Application code has unit tests, integration tests, and end-to-end tests — fast at the bottom, slow at the top, most coverage at the bottom. Infrastructure testing follows the same pyramid. Most tests should be fast and cheap. A few should deploy real infrastructure and verify it.

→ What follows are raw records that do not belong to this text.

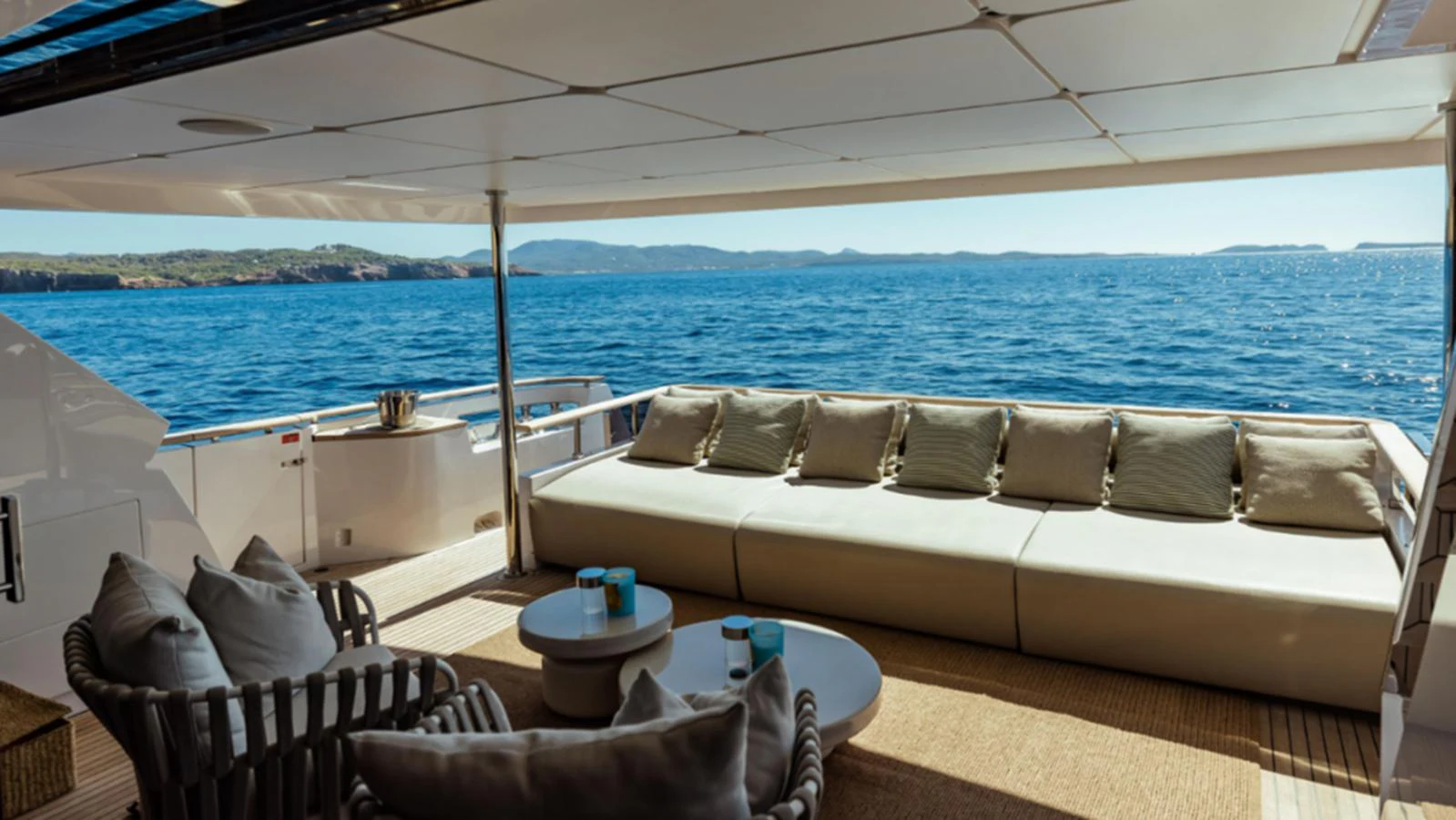 The aft deck offers a luxurious seating area with stunning ocean views. aboard MARCH SUNRISE Yacht for Sale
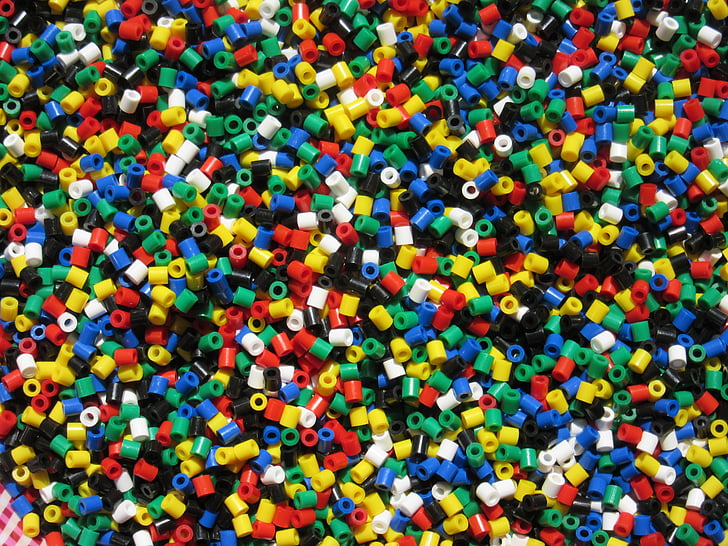 Small Decorative Colorful Beads In Plastic Containers Stock Photo, Picture  and Royalty Free Image. Image 40649587.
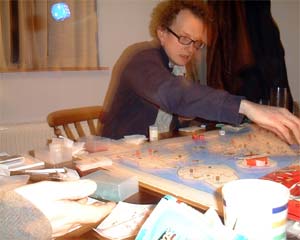 Check out the mid-air dice action, whilst Andy T frets about war-mongering.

Level	Tool	What it verifies	Speed / Cost
Static analysis	tfsec, checkov, validate	Syntax, references, security misconfigs	Seconds / Free
Unit tests	terraform test with mocks	Module logic, outputs, variable validation	Seconds / Free (no cloud resources)
Contract tests	precondition / postcondition	Input constraints, output guarantees	Seconds at plan time / Free
Integration tests	terraform test or Terratest	Real infrastructure behaviour end-to-end	Minutes / Cloud costs

The Analogy

Testing a Terraform module is like testing a vending machine. Static analysis checks the wiring diagram for obvious errors without plugging it in. Unit tests check the logic — does pressing B4 dispense a drink? — using a simulated coin slot. Contract tests check the machine refuses invalid coins. Integration tests plug the machine into a real power outlet, insert a real coin, and verify that a real drink comes out. You need all four, but you run the wiring check a hundred times more than you do the full power-on test.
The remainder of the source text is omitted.